Pope Francis started the New Year heaping praise not only on the Virgin Mary but on all mothers, saying their love is the foundation of humanity and the cure for a world often divided and filled with bitterness.

He praised mothers for the “heroism” they show “in self-giving, strength in compassion, wisdom in meekness,” saying they are people who know how to take their children by the hand and “lovingly introduce them to life.”

At times children can take the wrong path and, believing they are strong and free, they become lost and enslaved, forgetting the love of their mother and living in anger and bitterness, he said, noting that while being “malicious” might at times seem to be a sign of strength, “it is nothing more than weakness.”

“A world that looks to the future without a mother’s gaze is shortsighted. It may well increase its profits, but it will no longer see others as children. It will make money, but not for everyone. We will all dwell in the same house, but not as brothers and sisters,” the pope said.
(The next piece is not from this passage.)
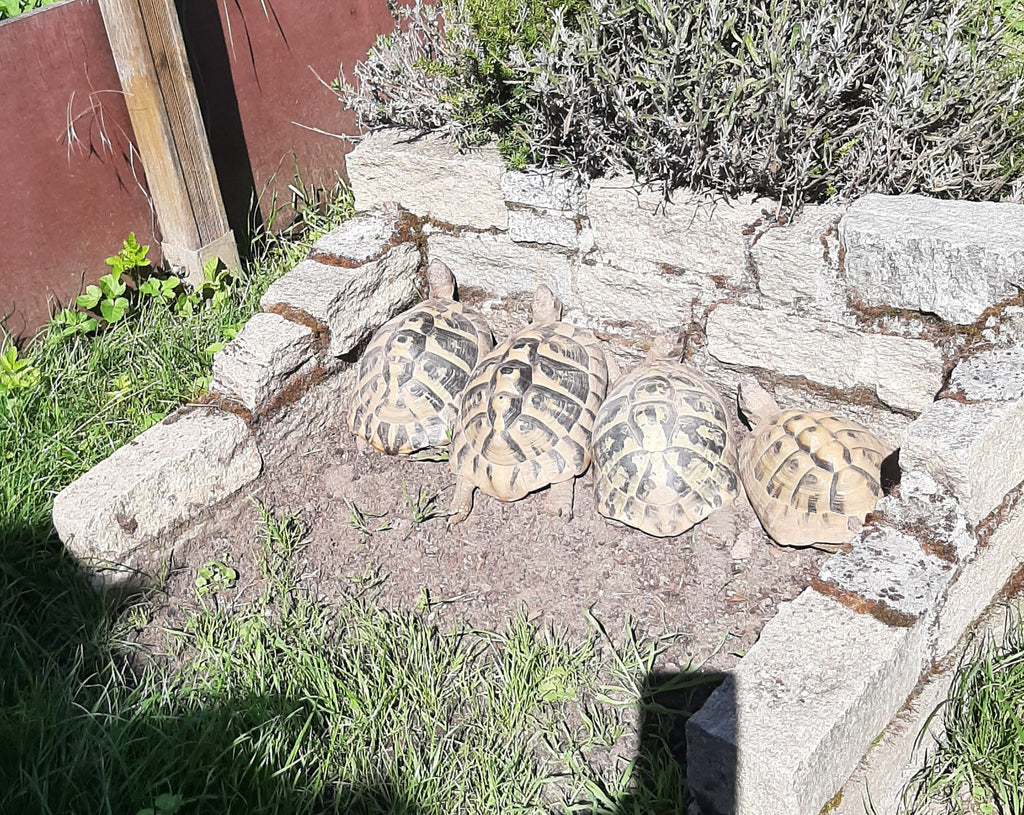 Griechische Landschildkröten Gruppe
Humanity “is built upon mothers,” he said, adding that “a world in which maternal tenderness is dismissed as mere sentiment may be rich materially, but poor where the future is concerned.”

Francis, as he does every year, celebrated Mass in St. Peter’s Basilica marking the Catholic solemnity of Mary, Mother of God, a title given to the Virgin Mary during the Council of Ephesus in 431. The day also marks the celebration of the global World Day of Peace, this year focusing on the theme “Good politics at the service of peace.”

Francis is known for having a longstanding “love affair” with Mary expressed in popular Catholic devotion. His devotion to Our Lady began well before his 2013 election to the papacy, and one concrete sign of this is a promise he made in 1990 to the Virgin of Carmel to give up television.

He was known to participate in massive Marian pilgrimages to the Argentine shrine of Our Lady of Lujan while archbishop of Buenos Aires, and even now before and after every international trip he takes, he visits the highly venerated icon, the Salus Populi Romani (protectress of the Roman people) to both entrust his travels to her, and to give thanks.

In interviews, the pope has also often said his devotion to Mary helps carry him through the papacy, having prayed three rosaries a day right after his election and also praying a rosary while closing his eyes when he needs to take a small break during the work day.

In his homily Tuesday, Francis said the start of the new year is a time to be “amazed” not only by the opportunity for new beginnings, but also by the Mother of God, who was deeply united with her son, Jesus.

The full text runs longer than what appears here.